Davies calls his book Flat Earth News as a metaphor of the recycling by the press of unproven stories such as the ‘millennium bug’. This failed to materialise and yet the government spent between £396 million and £788 million to combat its expected effects!

Right at the beginning, he states that his investigation led to the conclusion that “almost all journalists across the whole developed world now work within a kind of professional cage, which distorts their work and crushes their spirit. I’m talking about the fact that finally I was forced to admit that I work in a corrupted profession”.

And why is this so? Nick Davies does not provide the obvious answer which flows from his analysis; that it is because of the ruthless control operated by a handful of billionaires to determine what we read, see and hear. This can be easily deduced from the detail he provides of the ownership of this powerful medium: “The American media critic Ben Bagdikian has traced the corporate takeover. In 1997, he wrote about the corporations producing America’s newspapers, magazines, radio, television, books and films: ‘With each passing year… the number of controlling firms in all these media has shrunk: from 50 corporations in 1984 to 26 in 1987, followed by 23 in 1990, and then, as the borders between the different media began to blur, to less than 20 in 1993. In 1996 [it] is closer to ten’. By 2004, he found the US media was dominated by just five companies: Time Warner, Disney, Murdoch’s News Corporation, Bertelsmann of Germany and Viacom”.

Conversely, the number of people employed in the industry fell by 18% between 1990 and 2004. In one twelve-month period in 2004-05, some 450 journalists were pushed out of their jobs in the New York Times, San Francisco Chronicle, etc. At the same time, the average operating profit margin of these media corporations was 20.5%, approximately twice as high as the level among Fortune 500 companies. The situation in Britain is no better, with the domination of the likes of Murdoch: “The more I looked, the more I found falsehood, distortion and propaganda running through the outlets of an industry which is supposed to be dedicated to the very opposite, ie to telling the truth”.

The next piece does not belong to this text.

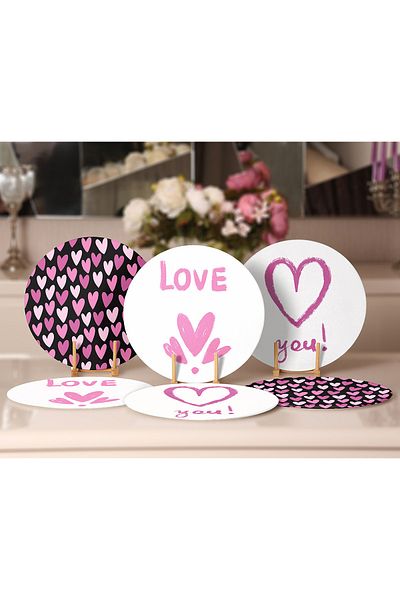 Realhomes Farfurie cu tematica Love You, design special, cu 6 piese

He points to the hypocrisy of the Fleet Street hierarchy: “Executives whose papers support the war against drugs are shoving cocaine up their nostrils in the office toilets; reporters who attack the sexual adventures of others while routinely dropping their own trousers at the first scent of a willing secretary”. These are the kind of people – Murdoch’s Sun and News of the World – who pursued Tommy Sheridan over allegations about his personal life, then, when they were defeated, systematically conducted a vendetta against him. This was an attempt to legally destroy a symbol of one of the most successful mass struggles in British labour movement history, the mass anti-poll tax battle.

Churnalism

A substantial part of the book deals with the plight of journalists who, through relentless pressure, have been reduced to ‘churnalists’, merely passing on unchecked stories from outlets such as the Press Association (PA), Reuters and Associated Press (AP). Davies recognises that there was no golden age when journalists were free to honestly report on events, present both sides of an argument, and reflect ‘the truth’. But a certain latitude did exist in the past, which allowed some, particularly well-known figures, many of a left persuasion, to find a platform for airing views which questioned, if not the system of capitalism, the consequences that flowed from it.

Now, as with other professions, the remorseless pressure of neo-liberalism has reduced journalists to mere cogs who churn out information force-fed to them. There is an additional factor not recognised by Davies. In the past, the pressure of a powerful trade union movement allied to widespread support for socialist ideas compelled the capitalist press to reflect this in their coverage. They were compelled to give a platform to leading left Labour and trade union figures, including strike leaders and even the occasional Marxist. Some newspapers like the Daily Mirror tilted to the left, towards Labour, when it was at bottom a workers’ party. This, in turn, gave a space for radical journalism. All this was squashed by the advent of ‘Murdochism’ and the brutal capitalist methods he personified.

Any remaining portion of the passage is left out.